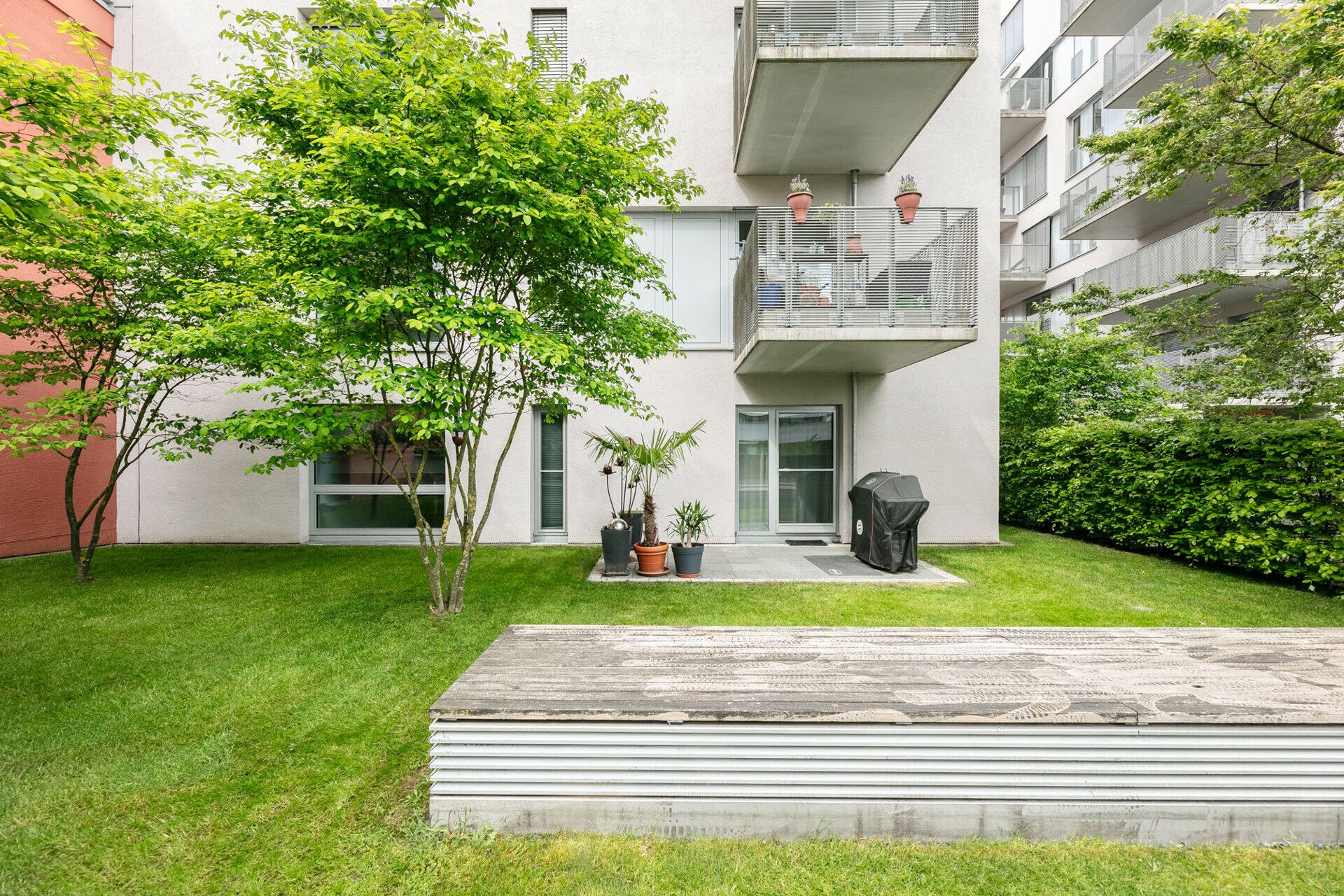 Immobilienangebot - Neu-Ulm - Alle - Wohnen an der Donau: 
Exklusive EG-Wohnung mit Gartenanteil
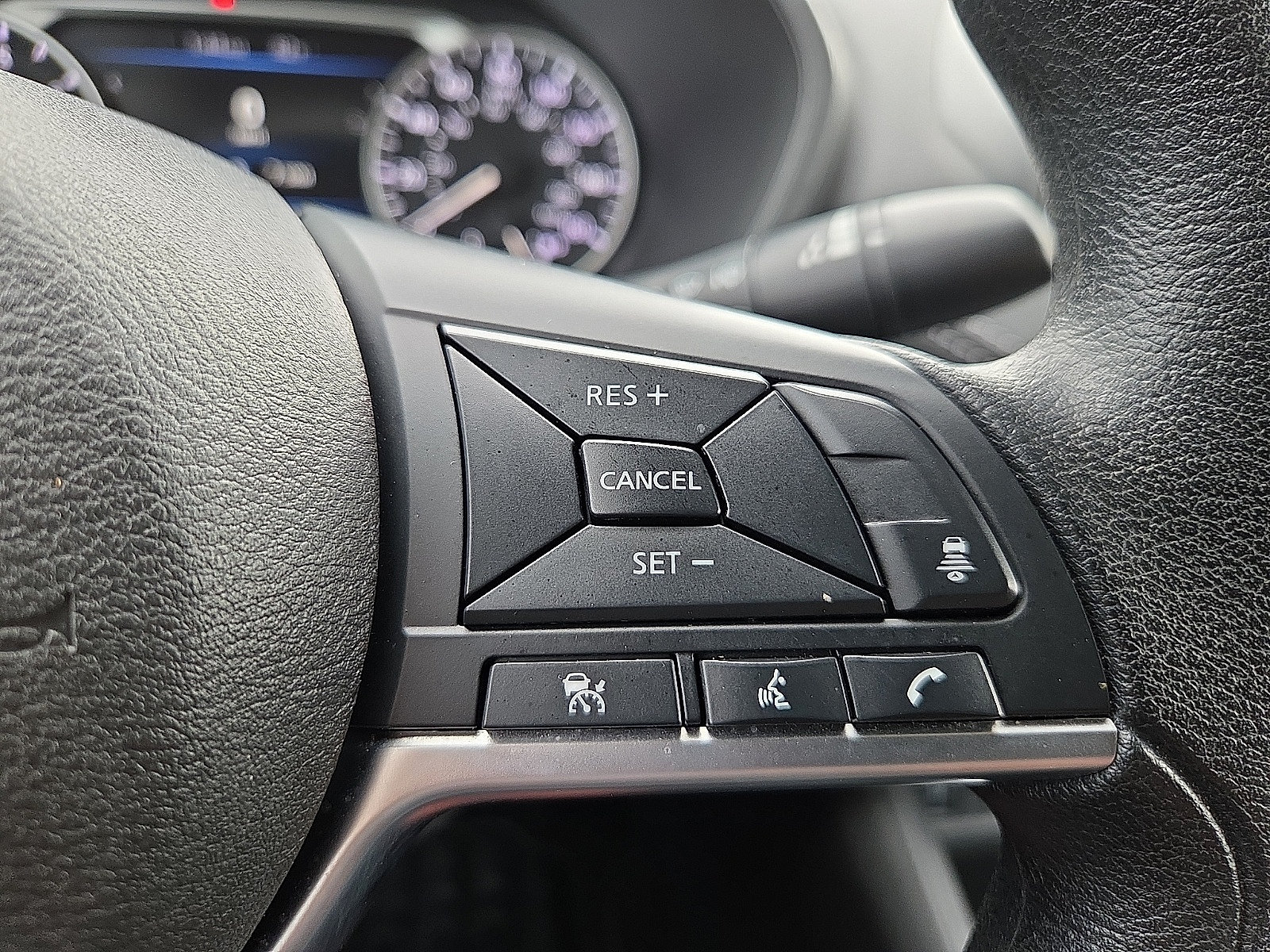 Used 2025 Nissan Sentra SV FWD image 20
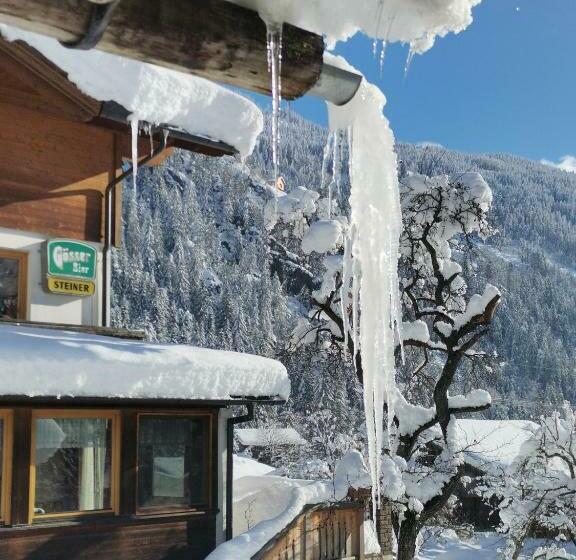 ユースホステル Landgasthof Steiner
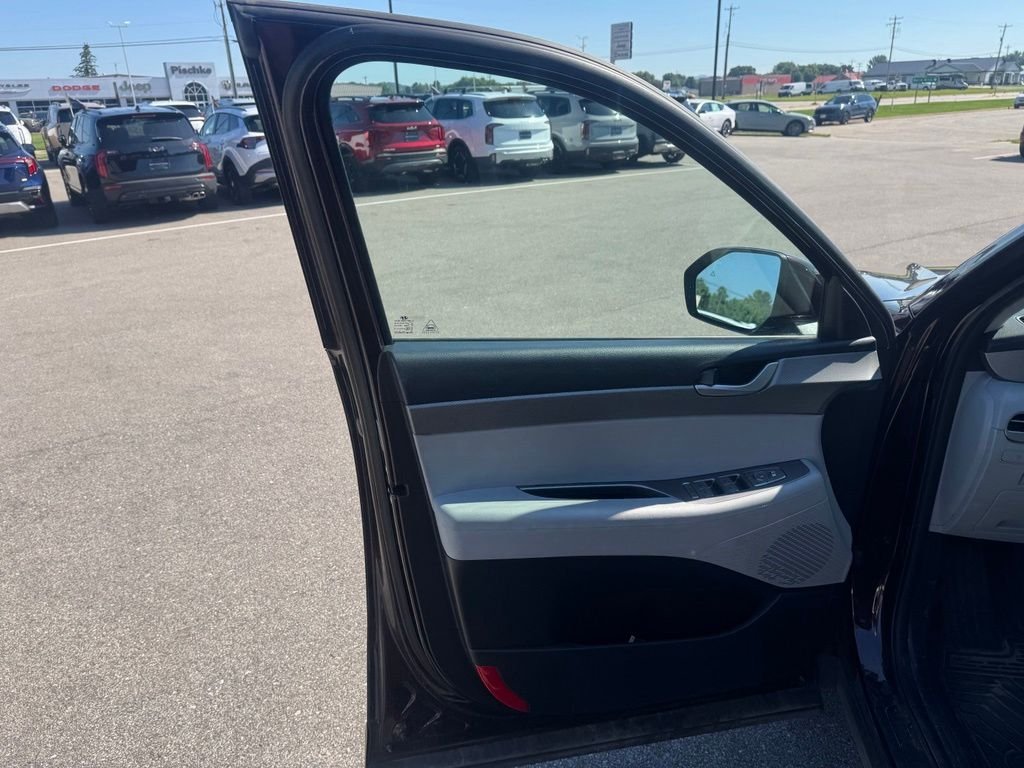 Used 2025 Red Hyundai SEL image 13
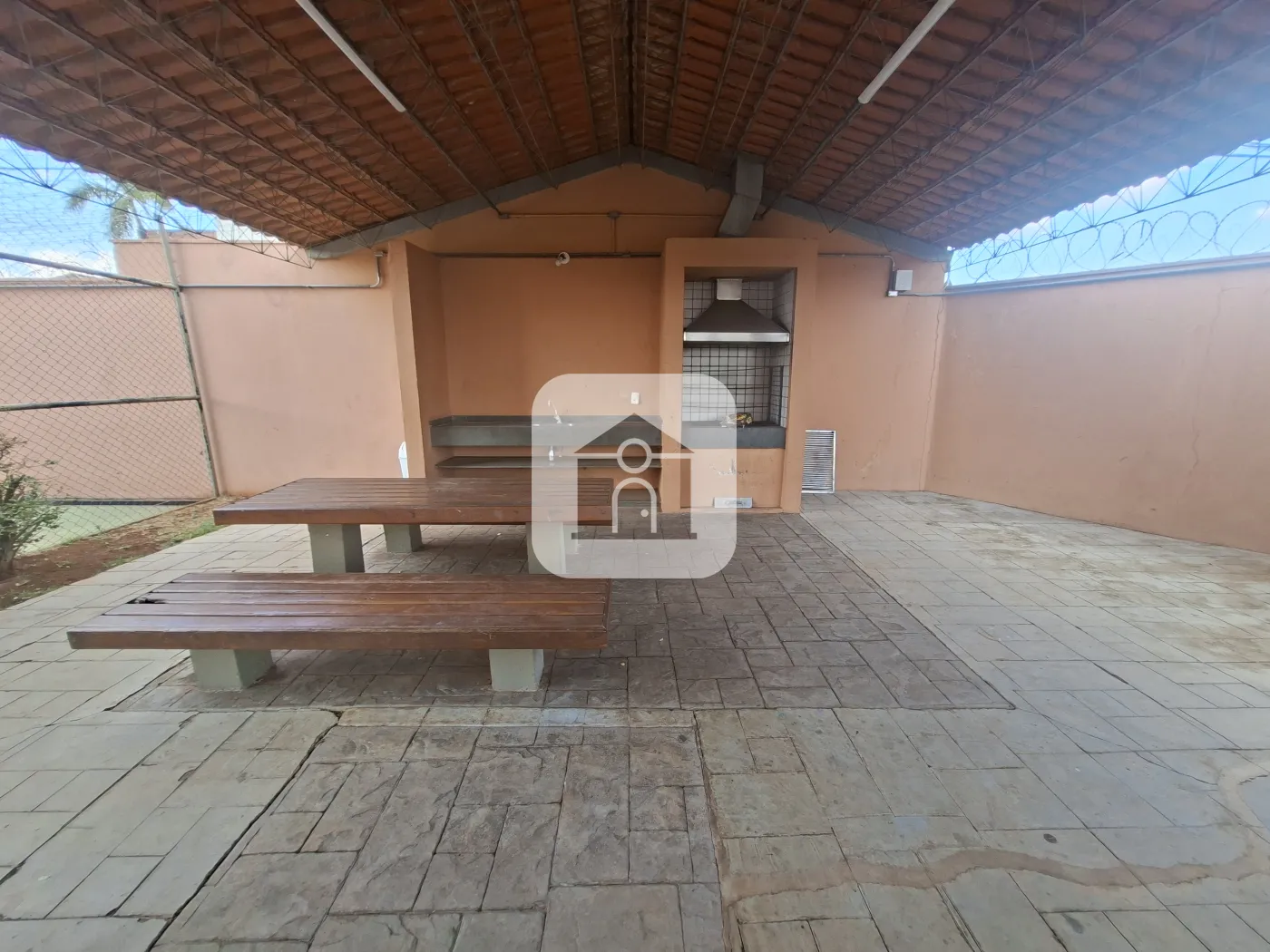 Alugar Apartamento / Padrão em Uberlândia R$ 3.200,00 - Foto 18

## What is required:
Exactly reproduce the entries above, minus the pictures.

## Task response:
 Immobilienangebot - Neu-Ulm - Alle - Wohnen an der Donau: 
Exklusive EG-Wohnung mit Gartenanteil
 Used 2025 Nissan Sentra SV FWD image 20
 ユースホステル Landgasthof Steiner
 Used 2025 Red Hyundai SEL image 13
 Alugar Apartamento / Padrão em Uberlândia R$ 3.200,00 - Foto 18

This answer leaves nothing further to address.